Problem description. The expected output is the first line of the data below and every line after it, up to and including the line containing "Pagani Zonda F", each reproduced exactly.

Records for this task.
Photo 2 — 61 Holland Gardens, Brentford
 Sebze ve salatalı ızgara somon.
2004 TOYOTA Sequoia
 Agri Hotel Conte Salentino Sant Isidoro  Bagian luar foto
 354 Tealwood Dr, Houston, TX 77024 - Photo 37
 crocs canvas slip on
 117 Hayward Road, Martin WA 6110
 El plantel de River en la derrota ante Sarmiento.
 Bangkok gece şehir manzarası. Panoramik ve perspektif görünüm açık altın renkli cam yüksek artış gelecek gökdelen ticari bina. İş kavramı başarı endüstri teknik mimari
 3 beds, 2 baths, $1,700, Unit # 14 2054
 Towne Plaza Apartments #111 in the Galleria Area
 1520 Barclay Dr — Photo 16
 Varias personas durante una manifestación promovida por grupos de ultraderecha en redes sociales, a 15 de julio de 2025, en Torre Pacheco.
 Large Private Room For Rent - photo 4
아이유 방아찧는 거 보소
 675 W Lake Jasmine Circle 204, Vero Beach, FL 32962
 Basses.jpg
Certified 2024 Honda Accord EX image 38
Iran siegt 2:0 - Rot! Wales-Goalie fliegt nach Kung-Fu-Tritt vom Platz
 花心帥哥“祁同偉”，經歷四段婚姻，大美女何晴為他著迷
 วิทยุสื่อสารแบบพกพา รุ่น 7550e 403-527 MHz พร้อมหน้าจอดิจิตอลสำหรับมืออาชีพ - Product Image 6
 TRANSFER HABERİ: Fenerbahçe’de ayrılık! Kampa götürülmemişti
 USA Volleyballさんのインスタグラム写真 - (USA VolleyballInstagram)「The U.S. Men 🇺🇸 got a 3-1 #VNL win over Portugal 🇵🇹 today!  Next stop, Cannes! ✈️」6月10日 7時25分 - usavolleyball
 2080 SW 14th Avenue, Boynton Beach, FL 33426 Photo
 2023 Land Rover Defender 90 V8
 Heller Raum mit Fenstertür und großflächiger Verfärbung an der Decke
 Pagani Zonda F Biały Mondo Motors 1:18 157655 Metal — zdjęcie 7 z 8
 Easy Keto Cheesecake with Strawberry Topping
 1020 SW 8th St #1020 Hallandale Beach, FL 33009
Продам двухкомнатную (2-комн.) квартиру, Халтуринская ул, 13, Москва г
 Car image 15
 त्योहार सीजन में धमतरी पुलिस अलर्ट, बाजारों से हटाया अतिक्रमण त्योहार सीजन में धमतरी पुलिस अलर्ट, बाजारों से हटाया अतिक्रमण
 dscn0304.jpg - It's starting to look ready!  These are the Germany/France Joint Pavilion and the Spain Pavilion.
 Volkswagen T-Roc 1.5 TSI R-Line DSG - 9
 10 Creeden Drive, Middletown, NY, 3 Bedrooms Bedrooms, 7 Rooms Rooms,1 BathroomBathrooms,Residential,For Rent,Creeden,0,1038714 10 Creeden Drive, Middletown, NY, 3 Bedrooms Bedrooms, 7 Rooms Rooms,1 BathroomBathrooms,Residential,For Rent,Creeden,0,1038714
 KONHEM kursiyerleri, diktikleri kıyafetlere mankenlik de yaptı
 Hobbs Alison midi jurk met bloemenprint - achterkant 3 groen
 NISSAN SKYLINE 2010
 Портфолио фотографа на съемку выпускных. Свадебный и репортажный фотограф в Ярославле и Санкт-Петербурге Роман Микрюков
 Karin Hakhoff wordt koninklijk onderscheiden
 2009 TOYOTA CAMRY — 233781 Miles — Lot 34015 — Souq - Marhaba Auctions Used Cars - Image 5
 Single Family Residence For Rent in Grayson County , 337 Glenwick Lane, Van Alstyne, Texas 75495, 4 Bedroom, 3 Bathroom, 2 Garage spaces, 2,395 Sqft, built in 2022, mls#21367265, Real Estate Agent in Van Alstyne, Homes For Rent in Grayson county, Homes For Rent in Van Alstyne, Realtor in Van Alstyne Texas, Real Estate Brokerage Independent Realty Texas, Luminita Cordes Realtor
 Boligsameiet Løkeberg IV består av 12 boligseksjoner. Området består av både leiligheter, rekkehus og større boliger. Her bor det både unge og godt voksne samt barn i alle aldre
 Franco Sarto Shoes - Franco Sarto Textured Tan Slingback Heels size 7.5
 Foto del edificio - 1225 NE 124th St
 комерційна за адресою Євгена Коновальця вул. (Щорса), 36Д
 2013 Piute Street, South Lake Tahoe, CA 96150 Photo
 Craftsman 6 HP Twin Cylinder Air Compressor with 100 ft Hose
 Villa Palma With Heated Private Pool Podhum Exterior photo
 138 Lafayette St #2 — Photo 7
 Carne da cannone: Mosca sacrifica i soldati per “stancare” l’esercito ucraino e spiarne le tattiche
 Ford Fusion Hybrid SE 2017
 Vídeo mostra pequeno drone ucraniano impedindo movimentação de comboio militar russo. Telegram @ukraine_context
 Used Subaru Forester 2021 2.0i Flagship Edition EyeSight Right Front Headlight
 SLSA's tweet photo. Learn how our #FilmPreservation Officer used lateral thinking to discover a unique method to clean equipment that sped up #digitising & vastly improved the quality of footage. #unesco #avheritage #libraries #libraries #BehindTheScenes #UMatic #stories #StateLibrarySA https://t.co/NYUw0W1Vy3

Exercise result.
Photo 2 — 61 Holland Gardens, Brentford
 Sebze ve salatalı ızgara somon.
2004 TOYOTA Sequoia
 Agri Hotel Conte Salentino Sant Isidoro  Bagian luar foto
 354 Tealwood Dr, Houston, TX 77024 - Photo 37
 crocs canvas slip on
 117 Hayward Road, Martin WA 6110
 El plantel de River en la derrota ante Sarmiento.
 Bangkok gece şehir manzarası. Panoramik ve perspektif görünüm açık altın renkli cam yüksek artış gelecek gökdelen ticari bina. İş kavramı başarı endüstri teknik mimari
 3 beds, 2 baths, $1,700, Unit # 14 2054
 Towne Plaza Apartments #111 in the Galleria Area
 1520 Barclay Dr — Photo 16
 Varias personas durante una manifestación promovida por grupos de ultraderecha en redes sociales, a 15 de julio de 2025, en Torre Pacheco.
 Large Private Room For Rent - photo 4
아이유 방아찧는 거 보소
 675 W Lake Jasmine Circle 204, Vero Beach, FL 32962
 Basses.jpg
Certified 2024 Honda Accord EX image 38
Iran siegt 2:0 - Rot! Wales-Goalie fliegt nach Kung-Fu-Tritt vom Platz
 花心帥哥“祁同偉”，經歷四段婚姻，大美女何晴為他著迷
 วิทยุสื่อสารแบบพกพา รุ่น 7550e 403-527 MHz พร้อมหน้าจอดิจิตอลสำหรับมืออาชีพ - Product Image 6
 TRANSFER HABERİ: Fenerbahçe’de ayrılık! Kampa götürülmemişti
 USA Volleyballさんのインスタグラム写真 - (USA VolleyballInstagram)「The U.S. Men 🇺🇸 got a 3-1 #VNL win over Portugal 🇵🇹 today!  Next stop, Cannes! ✈️」6月10日 7時25分 - usavolleyball
 2080 SW 14th Avenue, Boynton Beach, FL 33426 Photo
 2023 Land Rover Defender 90 V8
 Heller Raum mit Fenstertür und großflächiger Verfärbung an der Decke
 Pagani Zonda F Biały Mondo Motors 1:18 157655 Metal — zdjęcie 7 z 8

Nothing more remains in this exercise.